In Washington hat das amerikanische Repräsentantenhaus eine Notsitzung abgehalten, um über die US-Finanzkrise zu beraten. Ein 700-Miliarden-Dollar-Paket soll auf den Weg gebracht werden. Die risikoreiche Abstimmung steht noch aus. Gegner des Vorhaben finden sich auf beiden Seiten.

Sonntag Mitternacht ist normalerweise der stillste Augenblick in Washington. Nicht an diesem 28. September. In tiefer Nacht an diesem Sonntag, Punkt null Uhr, tritt das amerikanische Repräsentantenhaus zur Notsitzung zusammen.
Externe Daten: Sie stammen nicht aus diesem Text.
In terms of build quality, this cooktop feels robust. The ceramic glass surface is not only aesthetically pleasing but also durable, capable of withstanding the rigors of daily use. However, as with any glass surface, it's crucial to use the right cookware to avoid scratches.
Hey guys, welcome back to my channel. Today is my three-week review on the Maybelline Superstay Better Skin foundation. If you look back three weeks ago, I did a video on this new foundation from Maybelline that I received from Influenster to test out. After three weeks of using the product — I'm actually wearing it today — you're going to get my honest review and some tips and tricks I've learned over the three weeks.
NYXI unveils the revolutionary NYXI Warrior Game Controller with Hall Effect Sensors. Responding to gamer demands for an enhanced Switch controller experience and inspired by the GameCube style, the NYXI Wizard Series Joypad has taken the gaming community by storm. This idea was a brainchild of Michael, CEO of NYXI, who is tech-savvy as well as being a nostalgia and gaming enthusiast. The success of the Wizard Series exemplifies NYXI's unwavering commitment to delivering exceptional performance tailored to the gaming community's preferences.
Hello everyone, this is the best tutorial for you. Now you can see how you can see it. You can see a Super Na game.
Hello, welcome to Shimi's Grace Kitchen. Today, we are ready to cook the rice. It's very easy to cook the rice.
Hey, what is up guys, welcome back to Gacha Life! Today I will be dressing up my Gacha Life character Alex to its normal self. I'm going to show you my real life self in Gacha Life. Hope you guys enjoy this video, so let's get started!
Die Abgeordnete der Demokraten Louise Slaughter aus New York eröffnet die Debatte. „Ich bedauere, dass das Parlament unter so unangenehmen Umständen zusammentreten muss.“ Ihr republikanischer Kollege David Dreier aus Kalifornien wird es nach ihr wesentlich schärfer formulieren: „Herr Vorsitzender, wie so viele hier bin ich außer mir, dass wir uns jetzt hier treffen müssen.“ Es gehe nun, sagt die Abgeordnete Slaughter, darum, die schlimmsten Folgen „von sieben Jahren Deregulierung unter Bush abzuwenden“. Der Preis: Siebenhundert Milliarden Dollar. Für jedes Regierungsjahr einhundert Milliarden. Das sei so, erregt sich der Abgeordnete Dreier, weil „einige wenige weit über ihre Verhältnisse lebten“. Er meint mit den Wenigen nicht Bush. Wen meint er?
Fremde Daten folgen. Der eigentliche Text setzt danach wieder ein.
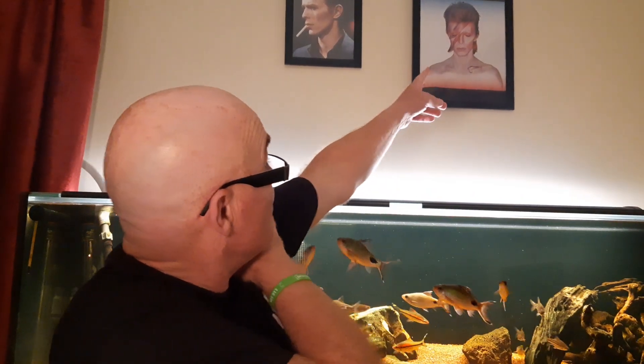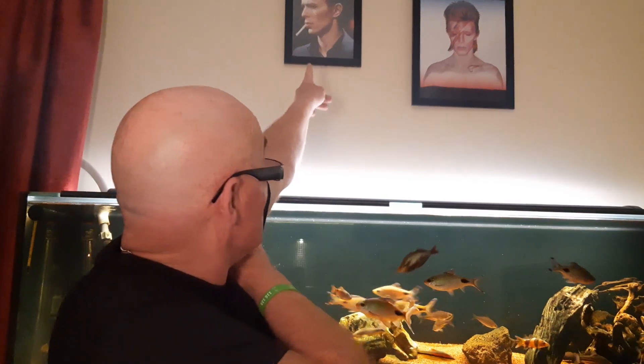Hey guys, welcome back to the channel. Shay here, D1 Vapes. We know that's David Bowie if anyone's wondering what that one is — the other picture with the cigarette, that's David Bowie as well, just in case you can only see a little bit of him with the camera.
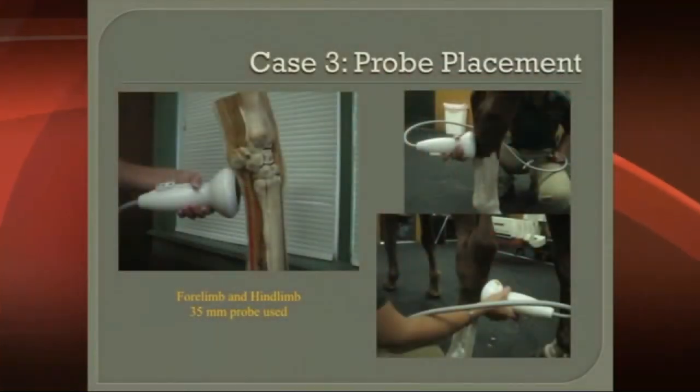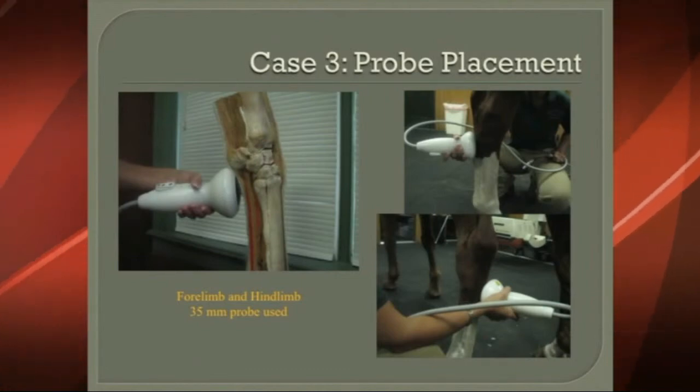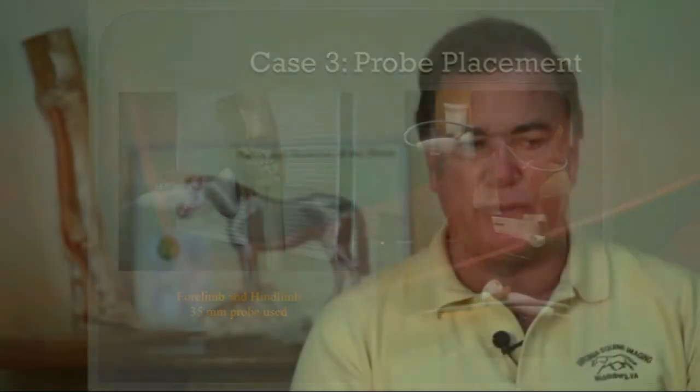This is what the probe placement looks like. On the right, on the hind end, you can see the probes placed to reach the ligament, sometimes coming at an oblique angle. On the left, you can see a forelimb being treated as the probe approaches the origin of the suspensory ligament in the front limb.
Die Abgeordnete Sheila Jackson Lee aus Houston verwahrt sich gegen die Formulierung in der Annahme, Dreier habe Minderheiten gemeint, sprich Schwarze. Unter Konservativen ist der Vorwurf gängig, das Kommunalinvestitionsgeetzes von 1979 habe bei den Hypothekenbanken die Entwicklung riskanter Finanzinstrumente in Gang gesetzt. Mit dem Gesetz hatten die Demokraten seinerzeit die halbstaatlichen Hypothekenbanken angewiesen, einen gewissen Prozentsatz ihrer Hypotheken zu günstigen Konditionen an Problemfamilien in Gettos auszureichen.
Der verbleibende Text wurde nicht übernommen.